Besides, have you seen what’s passing for a grownup these days? Apparently believing and proliferating insane conspiracy theories or bullying coworkers on social media is par for the professional course. And the U.S. president is only the most prominent example. Before she was unceremoniously dumped by ABC, Roseanne Barr had spent years using social media as a platform for a slew of bigoted comments and ideas it would be generous to call far-fetched. Meanwhile, recently fired EPA administrator Scott Pruitt amassed a staggering list of alleged ethical violations while still enjoying praise from his boss for doing a “fantastic job.” And don’t get me started on Gen X-er Kanye West — because where to even begin?

Though Pew Research has no numbers on this, my sense is that grownups’ numbers are in steep decline.
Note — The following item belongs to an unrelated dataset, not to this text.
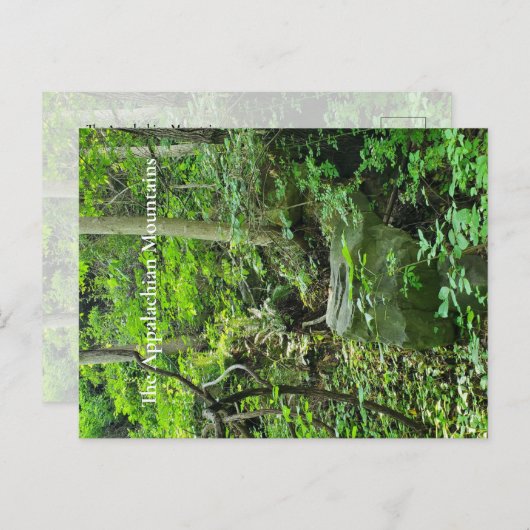 Het Appalachian gebergte Briefkaart (Voorkant / Achterkant)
Fewer people than ever seem capable of discerning between fantasy and reality, which is something we generally rely on adults to do. “By my reckoning, the solidly reality-based are a minority, maybe a third of us but almost certainly fewer than half,” wrote Kurt Anderson in The Atlantic last year.

We’re living in an off-the-map world. Don’t let people convince you otherwise. I trust no one who claims to have it all figured out. I certainly don’t — it’s part of why I feel like I’m somehow not an adult, still, at 36. Instead of a magic moment of arrival, the last few years have resulted in a deepening sense of the confusion and uncertainty. There are adult parts of my life, of course. I’ve been married for a dozen years, been at the same job for eight years — I send Christmas cards. But there’s an uncertainty I can’t shake, and am frankly not sure I ever will, or that my generation ever will. The world is just too weird now.

“When do you think you’ll feel like an adult?” I asked my friend.

“I don’t know,” he said. “Maybe when I’m 46, another ten years from now?”

It was an arbitrary number, an open question. Because that was all it could be.